Columbus is a 2015 Telugu romantic comedy film starring Sumanth Ashwin, Seerat Kapoor, and Mishti Chakraborty.  The film was produced by Ashwani Kumar Sahdev, with the music composed by Jithin Roshan. It was released on 22 October 2015 and dubbed into Hindi as Solo Operation by Wam India PVT. LTD.

Plot 
Ashwin (Sumanth Ashwin) is a college student who falls for Indu (Mishti Chakraborty). His love for her becomes so distracting that he ignores his former career goals to concentrate on her.  His zeal begins to annoy her. She irritably ignores him and goes to Delhi.

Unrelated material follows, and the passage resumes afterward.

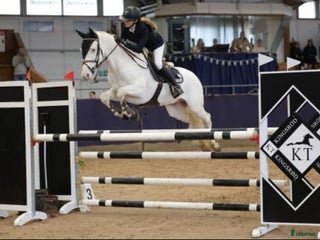 hästar Fantastisk D-ponny som hoppat MSV A - Annons 16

Heartbroken, he follows her and becomes involved in a murder mystery and is unfortunately arrested. When released from jail he finds that she has left for good.  He crosses paths with Neeraja (Seerat Kapoor) who promises to help him track her down. Neeraja and Ashwin start getting close to each other.

Cast 
 Sumanth Ashwin as Ashwin
 Mishti Chakraborty as Indu
 Seerat Kapoor as Neeraja
 Saptagiri as TV Serial Director
 Rohini as Ashwin's Mother
 Prithvi as Ashwin's Father
  Roshan Basheer  as Vamshi
 Nagineedu as Neeraja's Father

Production 
The film had its audio launch at Hyderabad on 17 October 2015, with hero  Daggubati Venkatesh, Sumanth Ashwin, Seerat Kapoor, and Mishti Chakraborty in attendance.

Reception 
The film's plus points are that the growing romance between Sumanth Ashwin's  and Seerat Kapoor's characters are interesting and their chemistry is "handled pretty well". It is further noted that the acting skills of Sumanth Ashwin have "improved by leaps and bounds" when compared to his earlier film works. His delivery was decent and he did well with his comedy. It was further felt that "Seerat Kapoor is quite impressive and has done her best". It was also offered that Misthi performed her part well but pretty much "has nothing much to do". It was felt that the film's second half with its revealing of major plot twists were the film's greatest asset. However, it was felt that despite the pluses, a drawback was found in "the weak characterization of the lead actors", and the fact "some very important characters have been misused in the film", and that "Saptagiri’s comedy looks out of place and does not create much laughter."  It was summarized "On the whole, Columbus is yet another triangular love story which has its moments. Seerat Kapoor’s romantic track with Sumanth Ashwin and a passable second half are some assets. On the flip side, a routine first half and weak characterizations spoil the flow of the film."